ACTIVITY:
Exact copy, no pictures: every line from the one that contains "Modamorfo Lace Lettuce" through the end of the data below, and nothing else.

Image-caption web data:
========================================================================

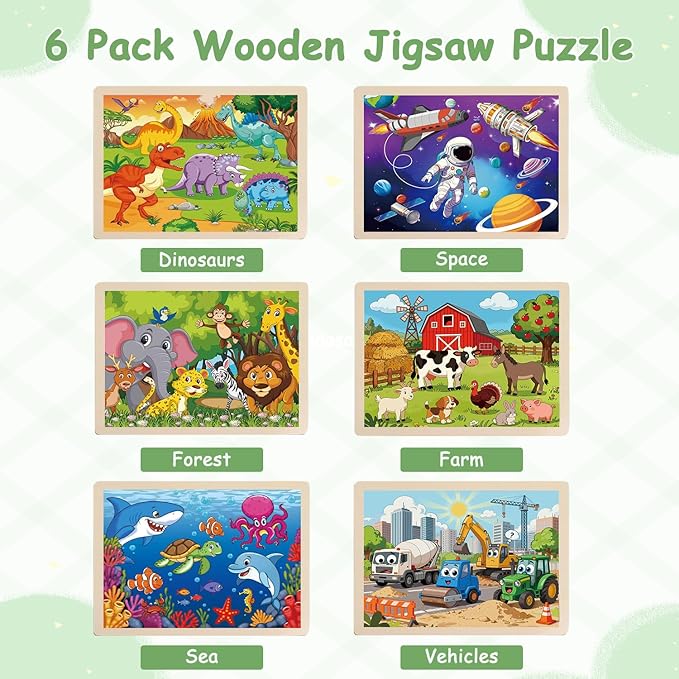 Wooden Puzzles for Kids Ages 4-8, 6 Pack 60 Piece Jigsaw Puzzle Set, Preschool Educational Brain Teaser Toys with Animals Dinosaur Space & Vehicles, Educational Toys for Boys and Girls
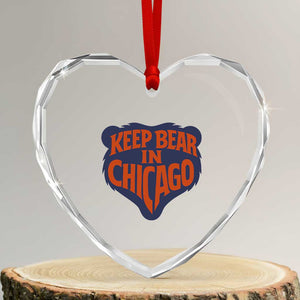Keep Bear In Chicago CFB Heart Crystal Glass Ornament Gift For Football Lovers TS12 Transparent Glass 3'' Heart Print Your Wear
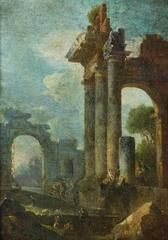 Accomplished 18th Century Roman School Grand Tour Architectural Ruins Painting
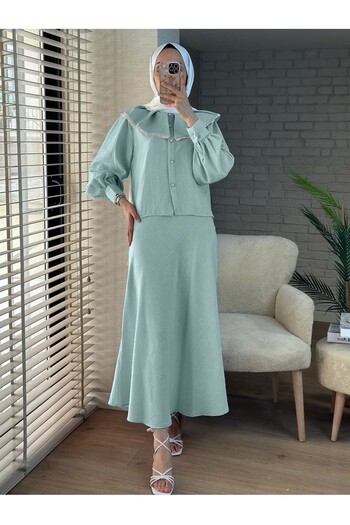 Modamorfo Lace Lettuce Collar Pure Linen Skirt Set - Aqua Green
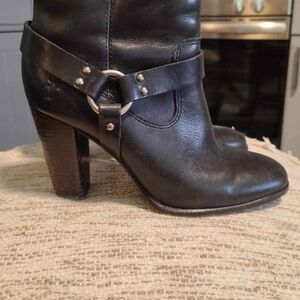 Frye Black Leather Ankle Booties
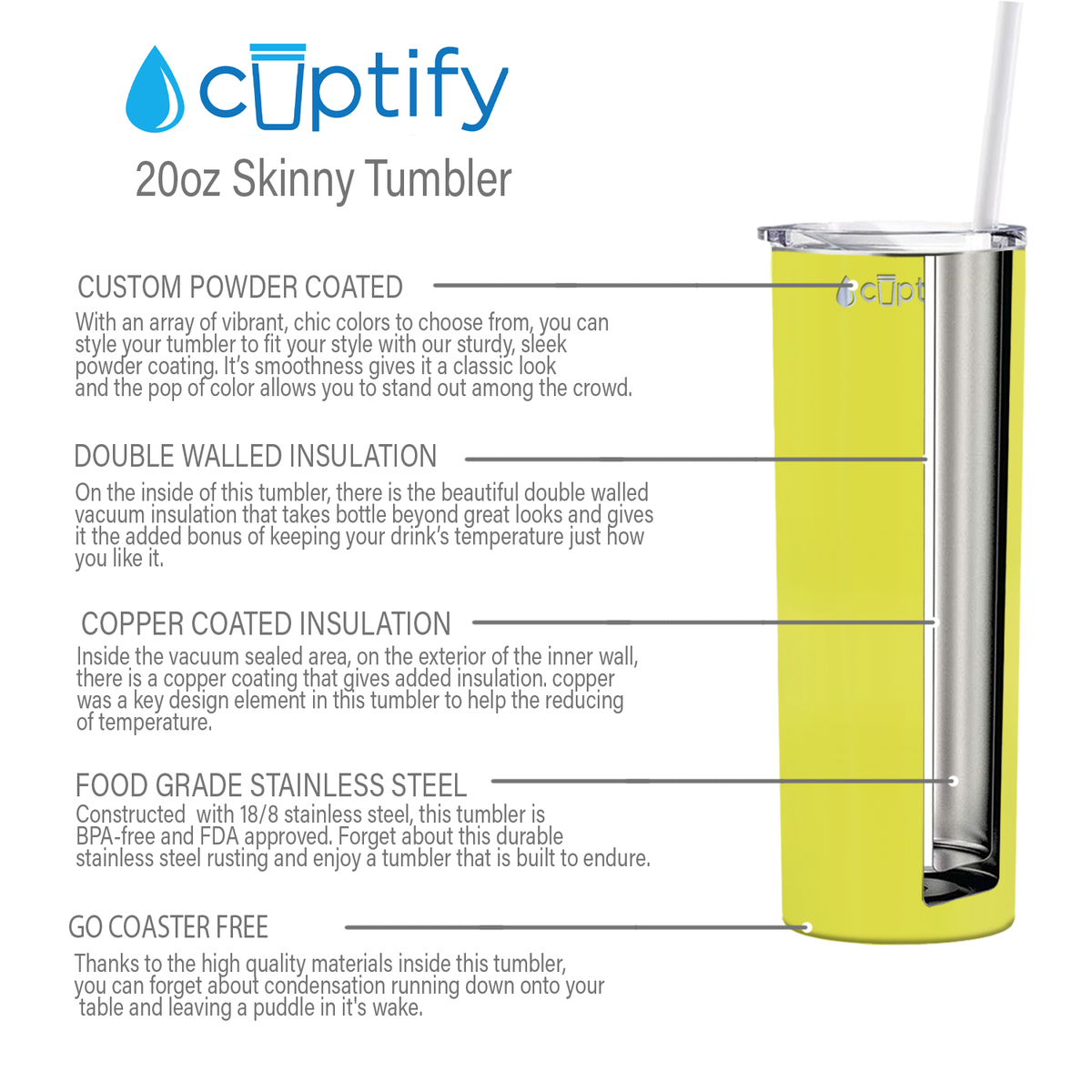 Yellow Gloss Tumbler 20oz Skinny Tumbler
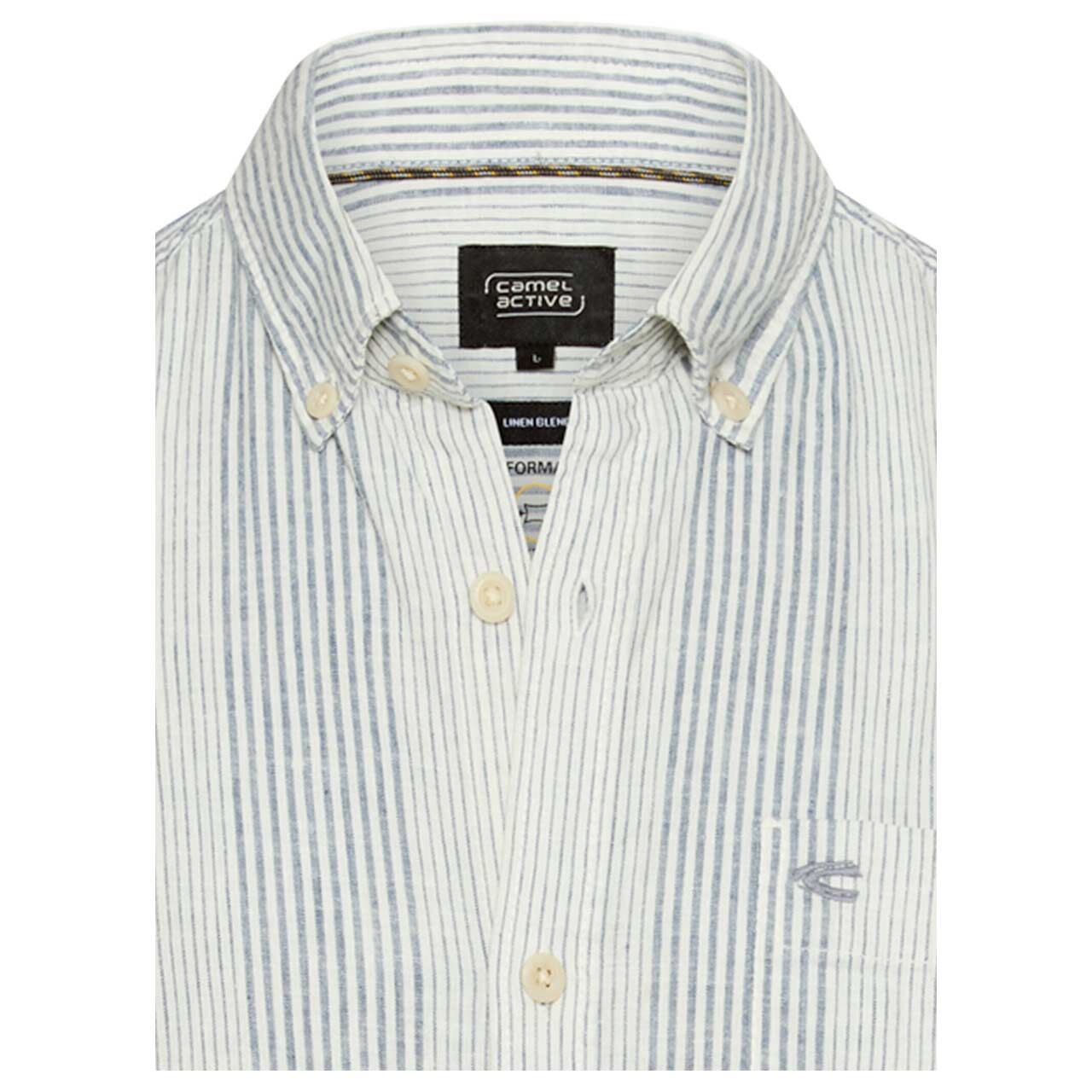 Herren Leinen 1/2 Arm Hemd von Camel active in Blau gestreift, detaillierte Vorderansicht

========================================================================

ANSWER TO THE EXERCISE:
 Modamorfo Lace Lettuce Collar Pure Linen Skirt Set - Aqua Green
 Frye Black Leather Ankle Booties
 Yellow Gloss Tumbler 20oz Skinny Tumbler
 Herren Leinen 1/2 Arm Hemd von Camel active in Blau gestreift, detaillierte Vorderansicht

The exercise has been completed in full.